一 …第二十四条第一項…の規定による有価証券報告書…であつて、重要な事項につき虚偽の記載のあるものを提出した者

 

会社法 第九六〇条(取締役等の特別背任罪)

 次に掲げる者が、自己若しくは第三者の利益を図り又は株式会社に損害を加える目的で、その任務に背く行為をし、当該株式会社に財産上の損害を加えたときは、十年以下の懲役若しくは千万円以下の罰金に処し、又はこれを併科する。
 
三 取締役、会計参与、監査役又は執行役


裁量保釈

刑事訴訟法 第九〇条[裁量保釈と考慮事由]

裁判所は、

① 保釈された場合に被告人が逃亡し又は罪証を隠滅するおそれの程度のほか、

② 身体の拘束の継続により被告人が受ける健康上、経済上、社会生活上又は防御の準備上の不利益の程度

③その他の事情

を考慮し、適当と認めるときは、職権で保釈を許すことができる。

保釈条件

第九三条[保釈保証金、保釈の条件]

保釈を許す場合には、保証金額を定めなければならない。

③保釈を許す場合には、被告人の住居を制限しその他適当と認める条件を附することができる。

適当と認める条件

本条三項にいう「適当と認める条件」とは、被告人の逃亡罪証隠滅等を防止するとともに保釈後の被告人の公判出廷または有罪判決確定後の刑の執確保するための条件を指称し、再犯防止のための条件は包含されていないものと解すべきである。(福岡高決昭30・10・21高裁特二━二〇━一〇六一)(高松高決昭39・10・28下刑集六━九・一〇━九九九)

 カルロス・ゴーン被告の保釈条件

1 住居は東京都内に制限。
2 住居の出入り口には監視カメラを設置。
3 海外渡航を禁止。パスポートは弁護人が管理。
4 2泊以上の旅行は裁判所の許可が必要。
5 携帯電話は通話機能のみ使用可。インターネット、メールの使用は不可。
6 監視カメラの映像や携帯電話の通話先記録を東京地裁に提出。
7 インターネット接続のできないパソコンに限り、弁護士事務所内のみで使用可。
8 事件関係者との接触禁止。
9 日産幹部らとの接触禁止。
10 日産取締役会への出席には、裁判所の許可が必要。

 

弁護団は「平日の午前9時~午後5時は弁護士事務所で過ごす」とも提案したが、これは条件に含まれなかった

過剰な保釈条件

20年前の禁じ手

 96年に夫が妻に暴行した事件

 高野隆弁護士らは、▽夫は高野氏が契約したアパートに住む▽平日の午前9時~午後6時は高野氏の事務所で職員として働く▽夜間と土日は弁護人の監督下で生活し、市外に出る時は弁護人が付き添う――と提案。
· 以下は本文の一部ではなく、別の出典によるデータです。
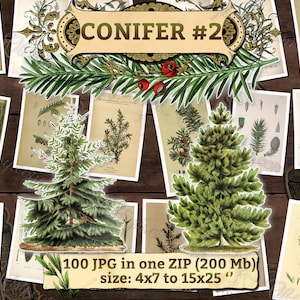 CONIFER #2 pack of 100 high resolution botanical images Fir Pine Larch Cedar Cypress Spruce digital download printable print for Christmas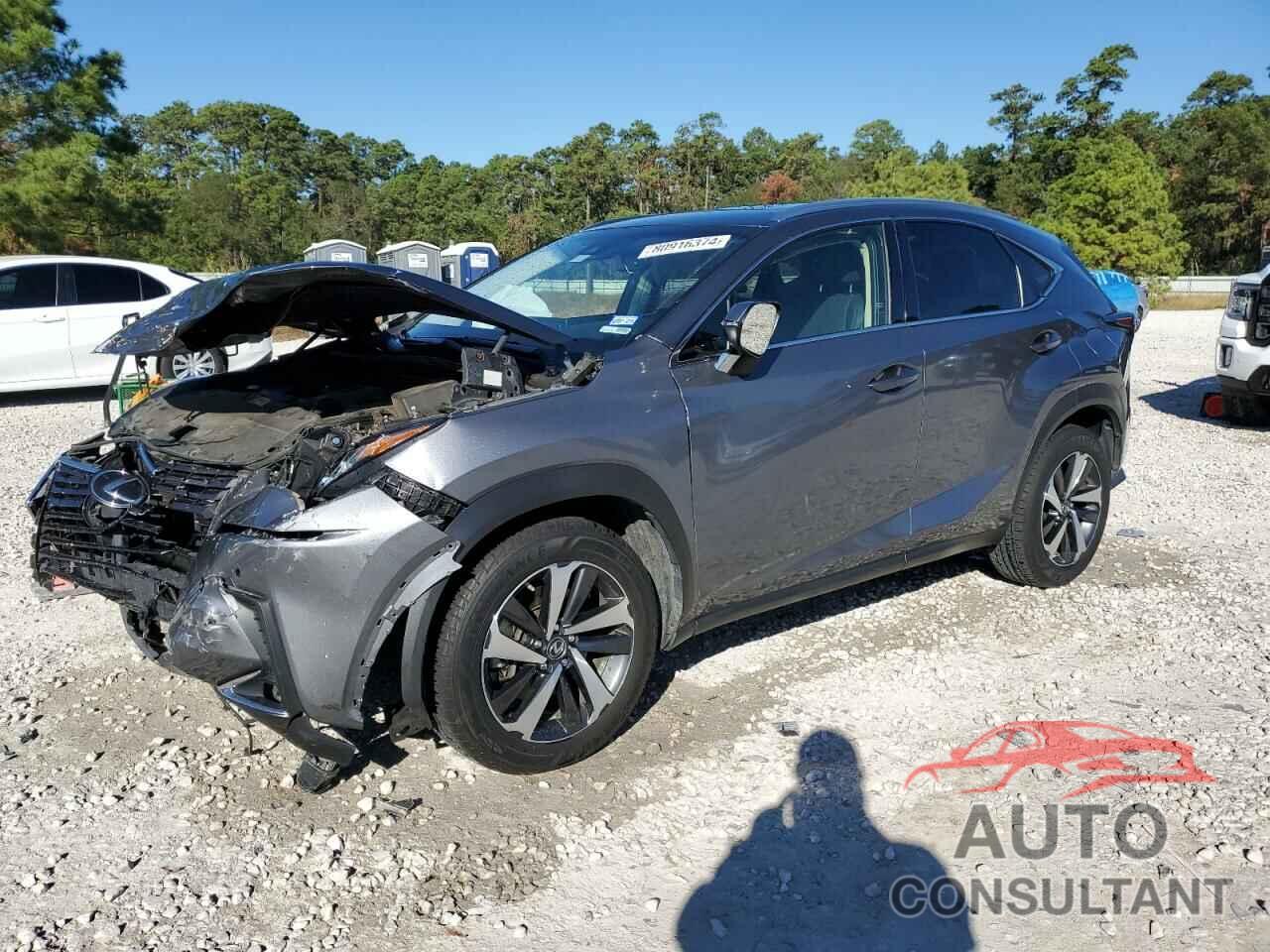 LEXUS NX 2018 - JTJYARBZ2J2095325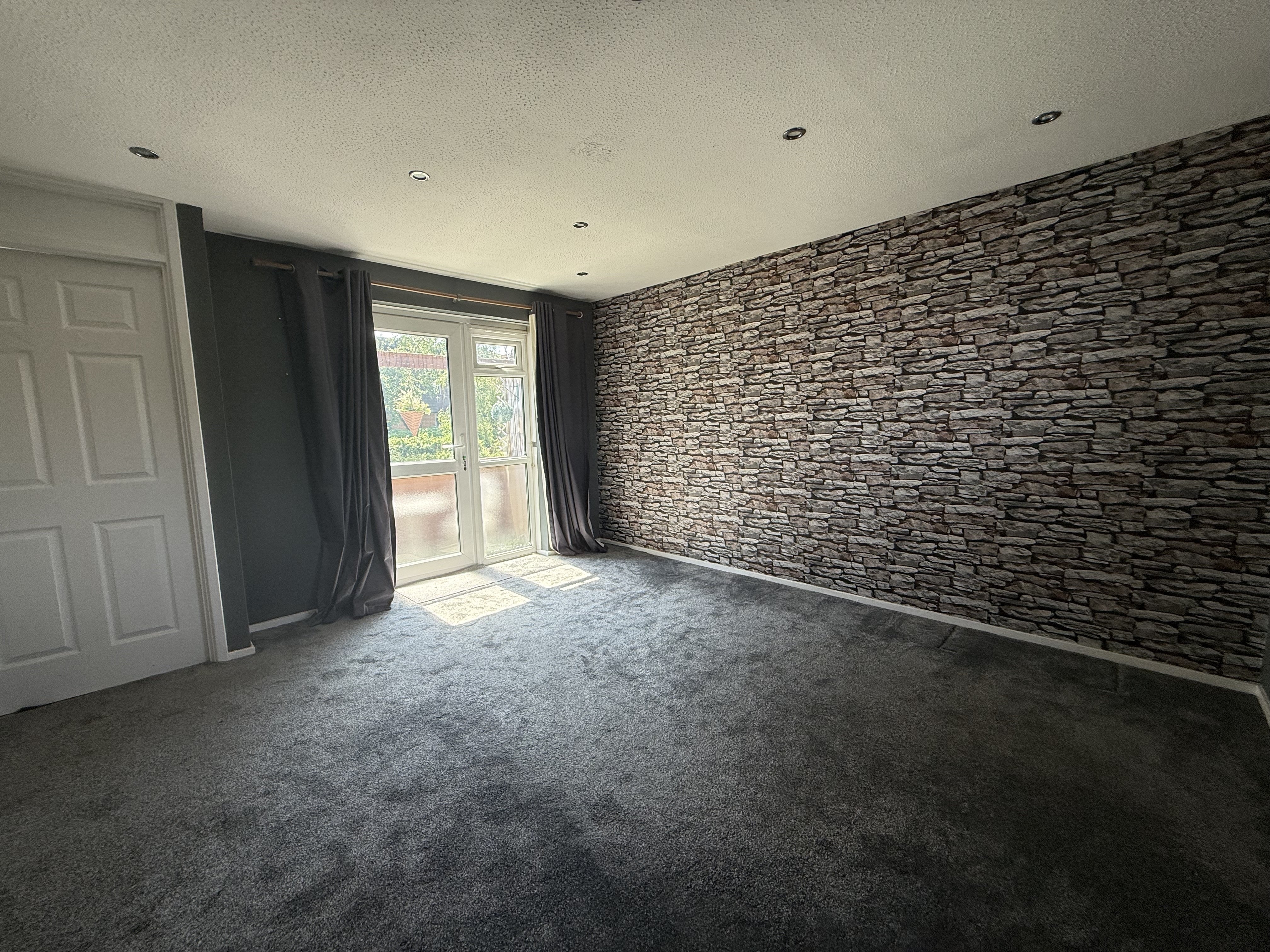 Flat Lindera in Tamworth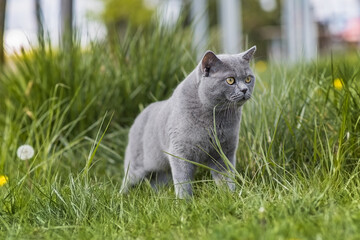 Kot rasowy Brytyjski niebieskowłosy na trawie. - obrazy, fototapety, plakaty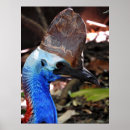 Suche nach cassowary poster Vögel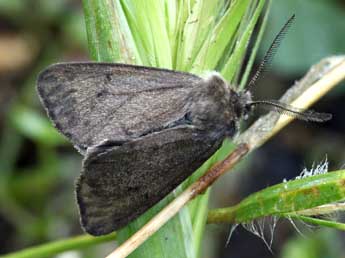 Diaphora sordida Hb. adulte - �Daniel Morel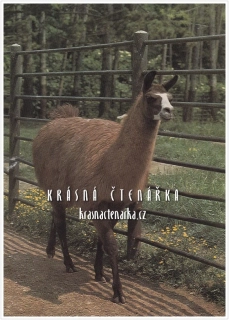 LAMA HUANAKO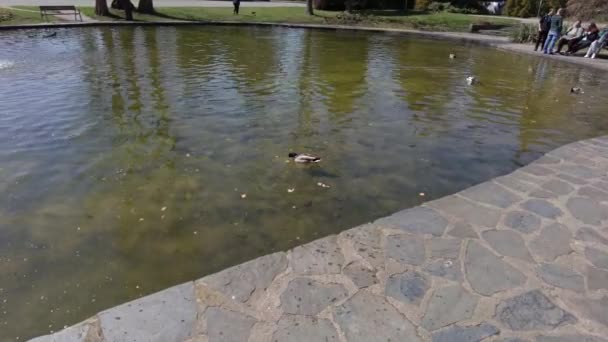 First Person View Ducks Swimming Pond Olomouc City Botanic Garden — Stockvideo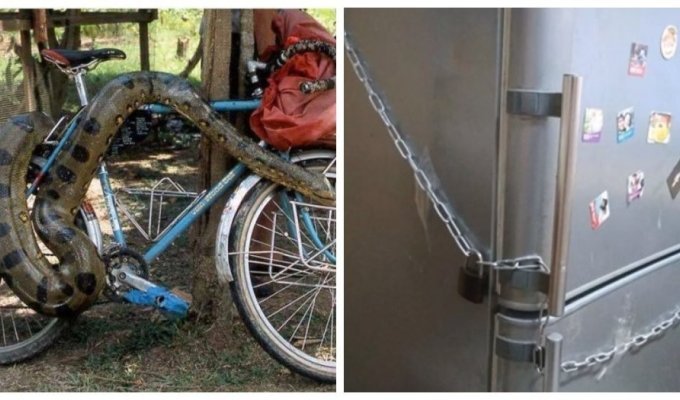 17 “anti-theft” devices that would surprise thieves (18 photos)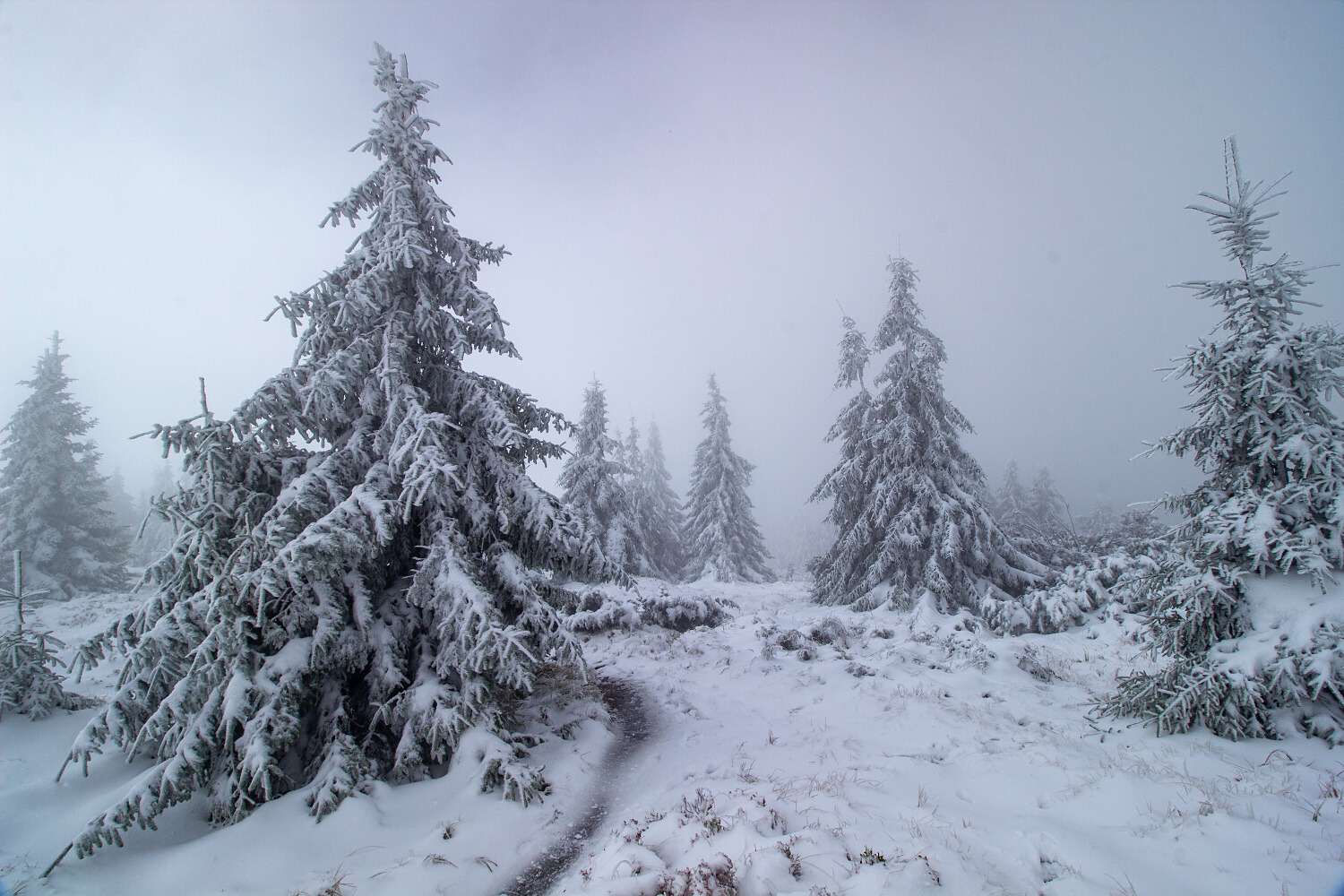 Ve vrchní části Małe Babie Góry.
夫は4カ月ぶりに保釈された。

 その後、アパートには18人の弁護士が交代で寝泊まりするなど、保釈にあたって総勢135人の弁護士が協力したという(「夫婦喧嘩に弁護士135名」(萩原氏(萩原猛弁護士?) 季刊・刑事弁護)。

 

7年前の禁じ手

 私も、老齢の男性の強制わいせつ事件で、外出時には必ず妻が付き添い、妻が仕事のため自宅を離れるときは夫が勝手に外出できないように自宅に内側から開けることのできないカギを設置すると提案して、保釈を認めてもらった(正確には息子の自宅を制限住居とする保釈決定後、実際に保釈される前に、夫婦の自宅に制限住居の変更を認めてもらった)ことがありました。

 弁護士が「座敷牢」を作るという提案をするのはおかしいのではないかと悩みましたが、男性は認知症を発症している可能性が高いのに病院に行ったことがなく、裁判開始までに医師の診察をうけさせたかったので、提案をしました。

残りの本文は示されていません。